Clearly, the succession process is the leading survival risk faced
by this type of company. Only a carefully planned and
controlled succession policy will ensure the transfer of a company by its
founder to the successors/heirs. Here,
a board of directors of exactly the right size and a core of good
corporate governance play a vital role in this complex and hazardous
process in the cycle of any family business, as we shall see further on. 2–
Definition and Importance of Family Businesses Strictly, speaking, no
specific definition of a family business will ever meet with everyone’s
agreement. However, the
majority of individuals who have made in-depth studies of this type of
organization agree that a company can be thus defined when a) its values
coincide with those of a particular family, b) majority control is in the
hands of one or more families, c) some shareholders/partners are members
of the board of directors or of the executive management, and, last but
not least, d) a younger generation is involved thus, guaranteeing the
intent of continuity. If, on the one hand, no
specific feature defines a family business, there is a general consensus
that family businesses play a significant role in the economy of any
country. This is more than
confirmed by the statistic on family businesses in the US, where 95% of
companies producing half the country’s GDP are family businesses and
also employ 42% of its entire work force.
As
pointed out above, one of the greatest, if not the greatest, risk faced by
any family business, is its process of succession. An
effective board of directors and one that includes some outside members
allows the founder to securely monitor his/her company’s business
progress, with the reassurance of being able to gradually withdraw from
its day-to-day operations, without undue risk to the company; the recipe
for lowering the risk factor in the process of succession. Moreover,
in the hands of this type of board of directors, the successor can be
trained and the chances of
the company’s stability and business operations are increased as well,
upon the exodus of the founder, regardless of whether this was planned or
is totally unexpected. Another
important benefit arising from the board of directors of a family business
is the opportunity to improve the quality of its management thanks to the
contributions of highly qualified outside board members.

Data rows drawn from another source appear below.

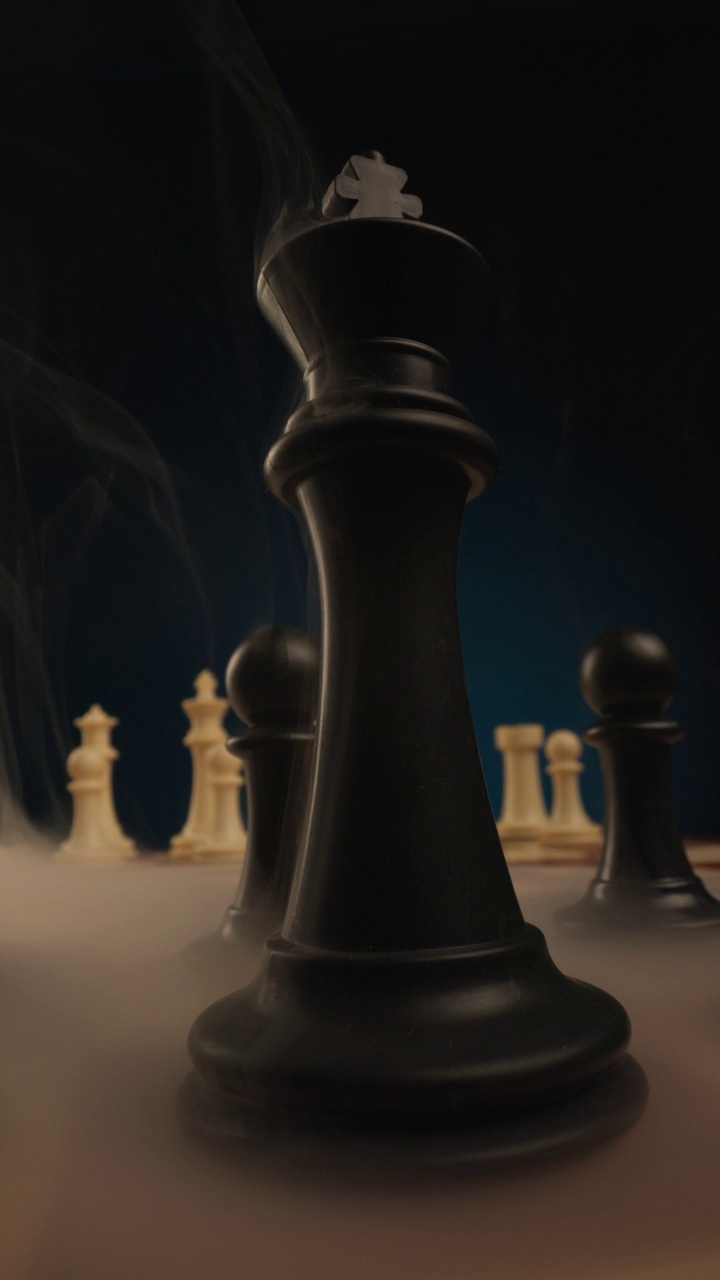 棋子间硝烟缭绕的国际象棋战场，概念聪明策略的心理战，冠军和成就的概念视频下载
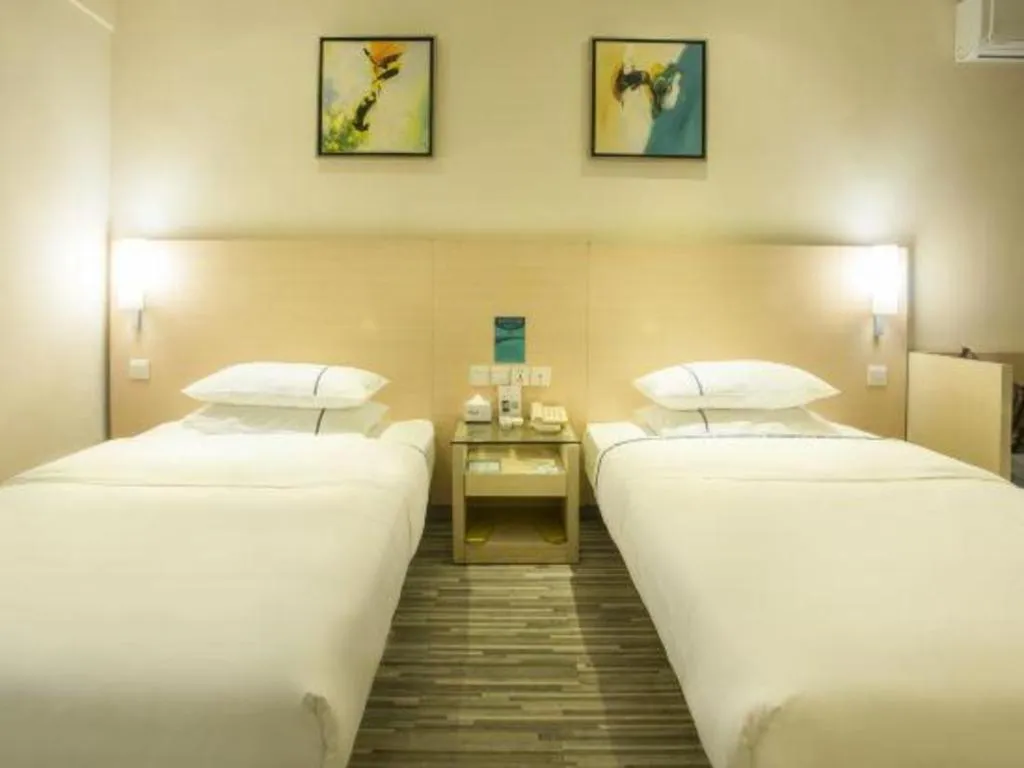 Bed in City Comfort Inn Baise Uprising Memorial Park Laiyu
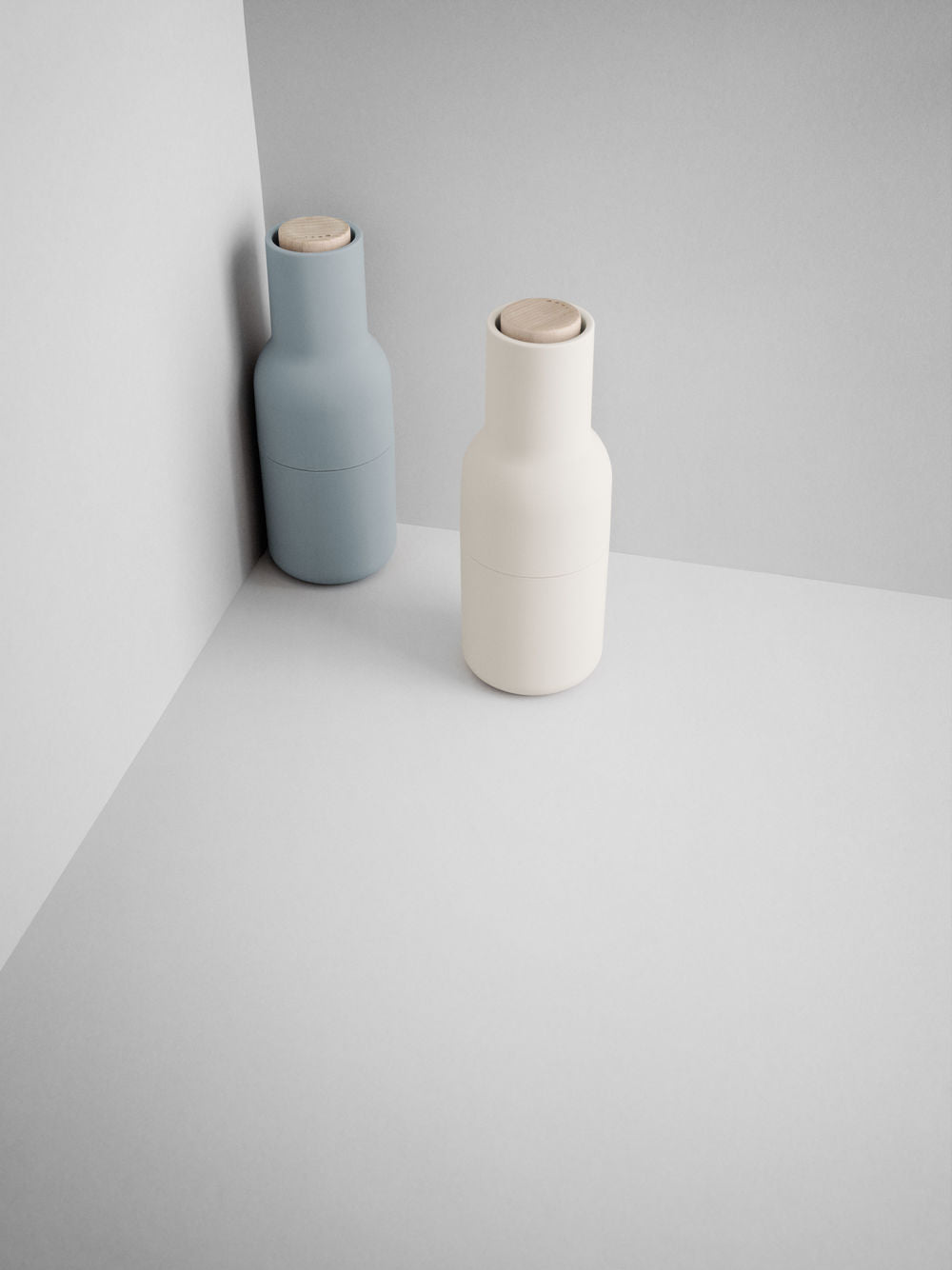 Bottle Grinder, Oak or Walnut Lid - Acacia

Given that it is virtually impossible to bring together the ideal
combination of knowledge and experience, or even a serious interest in
becoming involved in the business among the members of a single family,
outside directors’ inputs can be of vital importance in filling these
professional gaps, thus greatly enhancing the company’s overall
efficiency. This is already
happening in Brazil since, side by side with innumerable family businesses
that have availed themselves of this type of contribution, there are
professionals in the market exclusively dedicated to working as members of
family business boards. A
further benefit of a board of directors in a family business is that it
enables the majority shareholders or partners to play a role in the
management of the company, without necessarily becoming actively involved
in its day-to-day operations. It
is a known fact that, as from the transition from the second (2nd)
to the third (3rd) generation, most companies cease being a
company of individuals and are transformed into corporations.

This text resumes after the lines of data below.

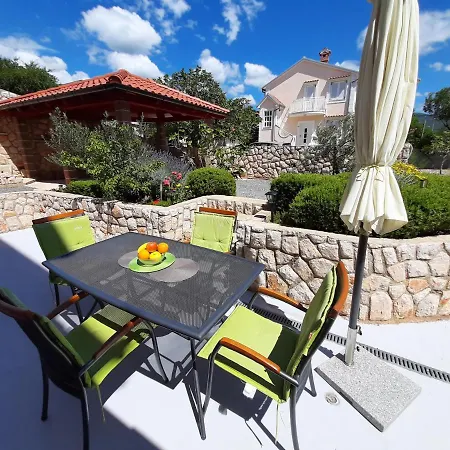 Pavelic Apartment Novi Vinodolski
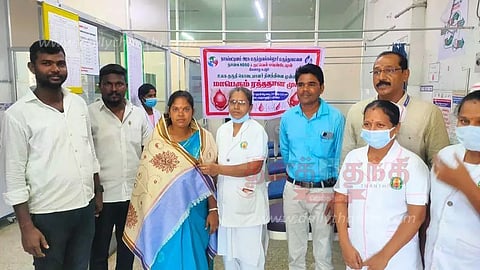 அரசு மருத்துவக்கல்லூரி ஆஸ்பத்திரியில் ரத்த தான முகாம்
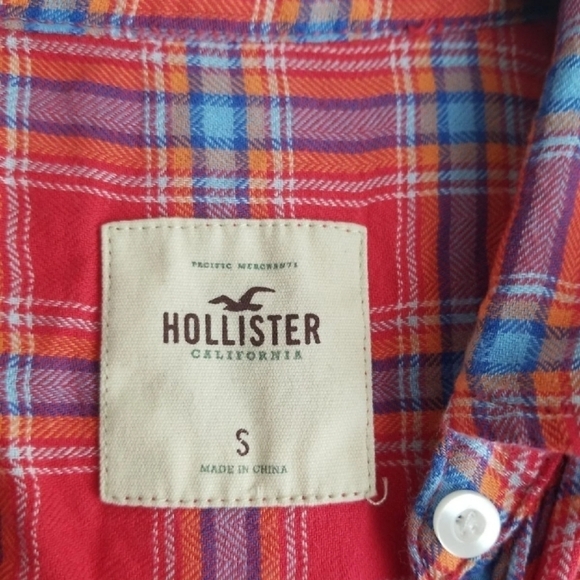 Hollister Women's Plaid Button Down Shirt - Picture 5 of 7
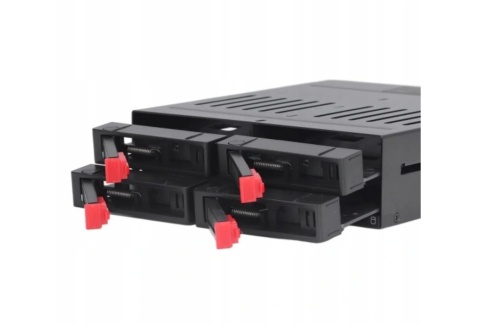 Wewnętrzny rack 4x2.5" obudowa SSD do montażu w szafie w/wskaźnik Led Wewnętrzny rack 4x2.5" obudowa SSD do montażu w szafie w/wskaźnik Led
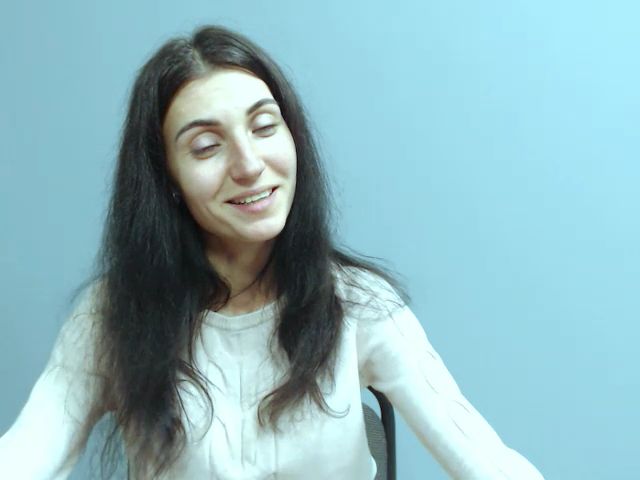 Live sex webcam photo for Miss_Vivian #269368178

It is precisely at this moment, where ownership becomes separated
from management, that the majority owners not involved in the operation
need their own forum of action to monitor their business.
And it is here that the board of directors, the main Corporate
Governance tool, is vital and extremely effective. Lastly,
as a rule, the trend for a family business board of directors with some
external members is to introduce good Corporate Governance practices.
It is worth noting that recent surveys in the US have shown that
billings and returns between 1994 and 2000 of the largest Fortune 500
family businesses were substantially higher than that of other
organizations, and also that they implemented more highly developed
Corporate Governance practices. It
is quite likely that these high levels of Corporate Governance were
significantly responsible for this increased billing and returns, and
contributed to avoiding the corporate conflict so common and so
threatening in family businesses. In
other words, these family businesses always observe the three basic
principles of Corporate Governance - transparency, fairness, and
accountability. A more detailed examination of these aspects frequently
reveals a scenario where family members with no involvement in the
business are deliberately barred from knowledge of operations by those who
actively involved. These “mystery box” companies are more likely to be
plagued by insoluble corporate conflicts.
The second cause of conflict in family businesses is the
inequitable treatment of the shareholders or heirs, and the third, is the
absence of accountability. This
last flaw is common in businesses where family members involved in the
operation neglect to account for their actions to those who are not, a
guarantee that corporate conflict will occur sooner or later.
Thus, the presence of a board of directors including some outside
members can also ensure that the company implements a minimum of
transparency, fairness, and accountability, thereby avoiding these
corporate conflicts. For
all these reasons, more and more Brazilian family businesses are seeking
to include outside members on their boards.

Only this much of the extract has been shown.